Lisa Comfort

At home

Winter has folded itself over the fields at Jazzy Rose Flowers. The colours have faded, the stems have bowed, and the growing season has long passed. But inside Lisa’s cottage, the spirit of summer still lingers.

I arrive midmorning. The air is still cold.  Lisa’s cottage is small, tucked at the end of a row of houses. As I step inside, it’s like crossing a threshold into another world - a world where flowers never truly die.

The air is warm and thick with the scent of candles. It’s the epitome of hygge. Flowers everywhere, all preserved in muted hues of gold, rose, and rust. This place is part home, part workshop, entirely alive with purpose.
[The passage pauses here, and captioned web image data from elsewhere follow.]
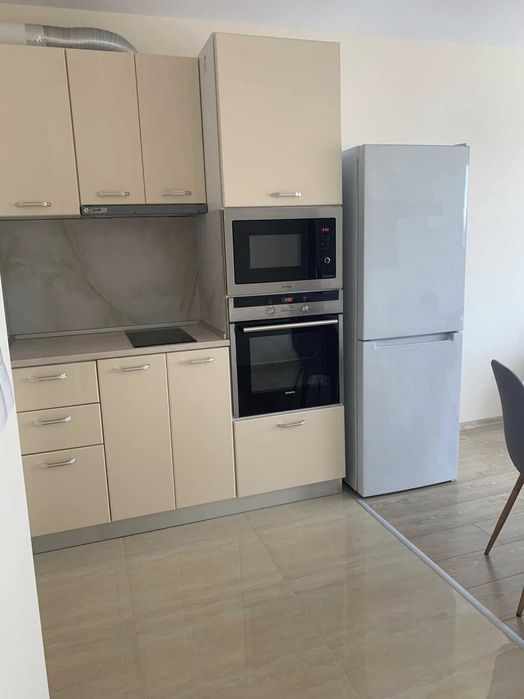 Двустаен апартамент в Кючук Париж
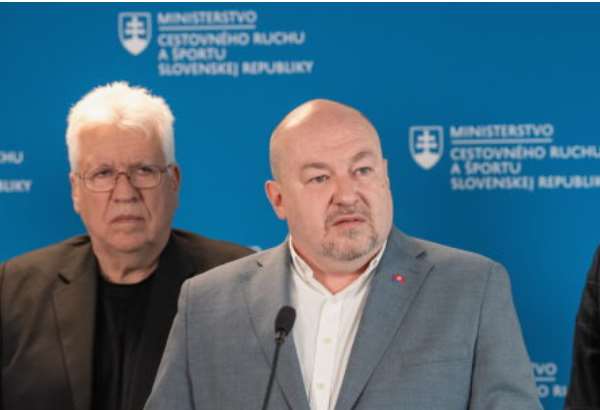 sportove talenty sa podla huliaka rodia v skolskych telocvicniach obce mozu ziadat dotacie na ich modernizaciu video
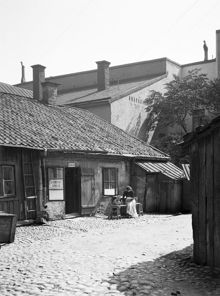 Kammakargatan 25, gården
Lisa greets me with a soft smile, her hands already in motion. She’s working at the kitchen counter, arranging dried blooms into a bouquet that feels like it’s been plucked from a memory. “Coffee?” she asks, already turning toward the kettle. It’s not a question, really.
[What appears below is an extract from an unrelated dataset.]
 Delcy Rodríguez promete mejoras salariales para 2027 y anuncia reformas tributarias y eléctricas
Today, I’m here to explore a quieter side of our year-long project documenting Lisa’s world. Over the months, I have followed her through the changing seasons - out in the field, hands in the soil, boots caked in mud, pollen dusting her sleeves. But this visit is different.
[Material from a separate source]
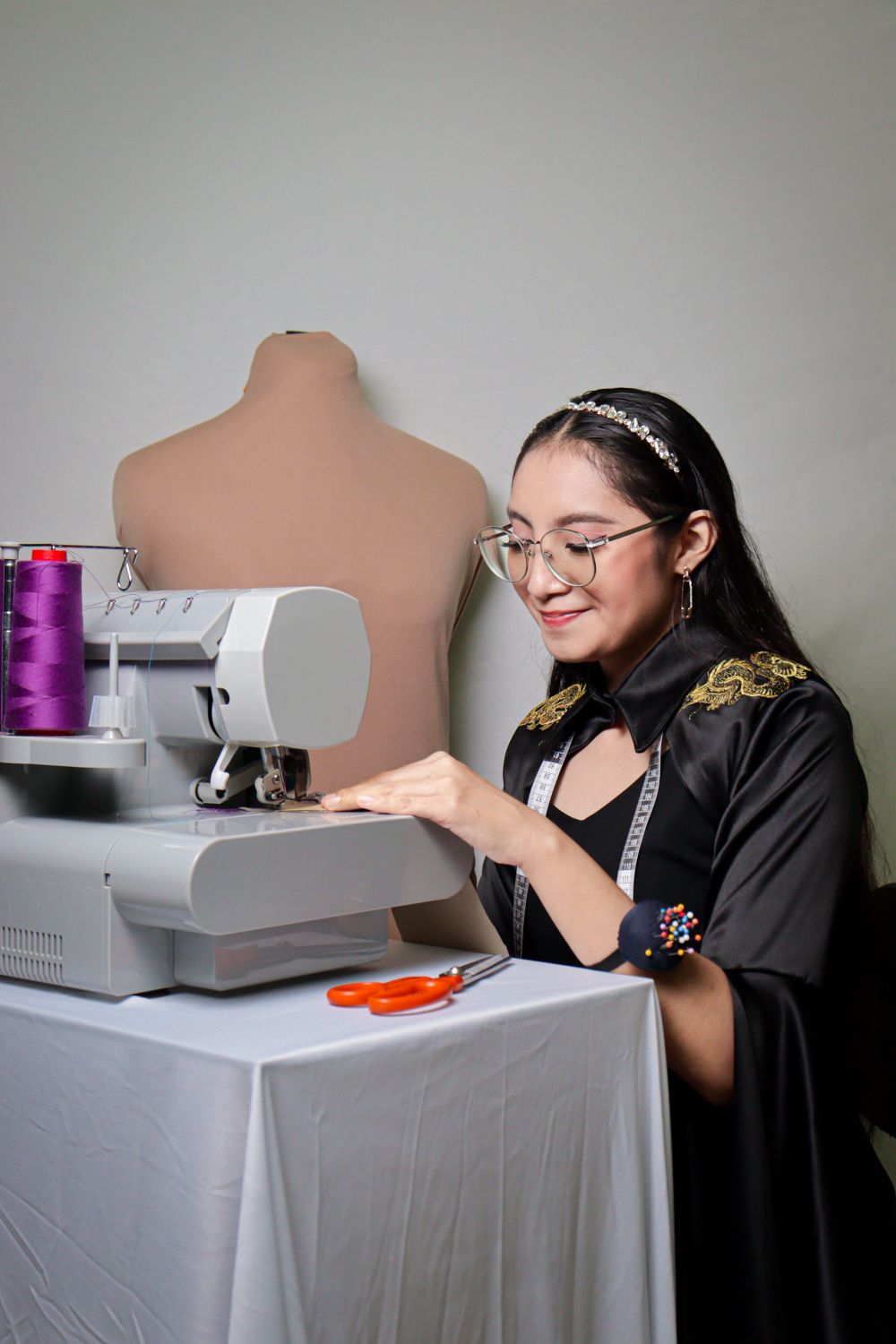 Costurera sonriendo en su taller de confección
This is the home version of Lisa. The one behind the garden gate. No wheelbarrow, no wind-blown hair. Just a warm cottage filled with the scent of dried flowers and the steady rhythm of her craft. It’s a slower pace, more intimate—a glimpse into where the work comes to rest and where the beauty finds its second life.

“I like this time of year,” Lisa says, tying a bundle with natural twine. “Things slow down. I get to breathe, to reflect. It’s when I really see what the flowers become.” She lifts the bouquet and studies it, adjusting a stem by a fraction. “I never rush this part. It’s the final touch. The moment everything comes together.”

Every dried flower has a story - grown by hand, cut at just the right time, hung with care, and now given a second life. In Lisa’s hands, nothing is wasted. Every stem, every petal is honoured.

The crisp morning light streams through her windows. I take in her home and notice flowers everywhere, on every shelf, in every painting. Here, flowers aren’t just grown; they’re preserved, cherished, and shared. This isn’t just a craft; it’s a piece of her land, carried through the seasons. It’s a way of living with the land, not against it, a way of holding on to beauty long after the bloom is gone.